Extract precisely the lines of the entries below, from the first line through the line containing "Beyond Celiac (@beyondceliac)".

Data:

━━━━━━

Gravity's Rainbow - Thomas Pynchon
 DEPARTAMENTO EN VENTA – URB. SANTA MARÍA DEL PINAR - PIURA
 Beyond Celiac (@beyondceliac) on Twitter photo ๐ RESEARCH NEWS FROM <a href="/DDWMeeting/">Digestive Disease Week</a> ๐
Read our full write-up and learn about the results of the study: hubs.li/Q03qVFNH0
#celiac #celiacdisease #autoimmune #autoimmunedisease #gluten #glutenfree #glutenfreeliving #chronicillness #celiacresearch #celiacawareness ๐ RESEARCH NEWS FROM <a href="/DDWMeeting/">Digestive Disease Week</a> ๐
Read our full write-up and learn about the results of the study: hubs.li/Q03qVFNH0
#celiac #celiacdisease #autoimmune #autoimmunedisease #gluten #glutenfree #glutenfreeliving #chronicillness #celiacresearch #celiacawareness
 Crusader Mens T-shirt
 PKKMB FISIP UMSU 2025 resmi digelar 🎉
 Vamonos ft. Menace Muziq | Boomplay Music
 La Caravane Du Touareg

━━━━━━

Response for this exercise:
Gravity's Rainbow - Thomas Pynchon
 DEPARTAMENTO EN VENTA – URB. SANTA MARÍA DEL PINAR - PIURA
 Beyond Celiac (@beyondceliac) on Twitter photo ๐ RESEARCH NEWS FROM <a href="/DDWMeeting/">Digestive Disease Week</a> ๐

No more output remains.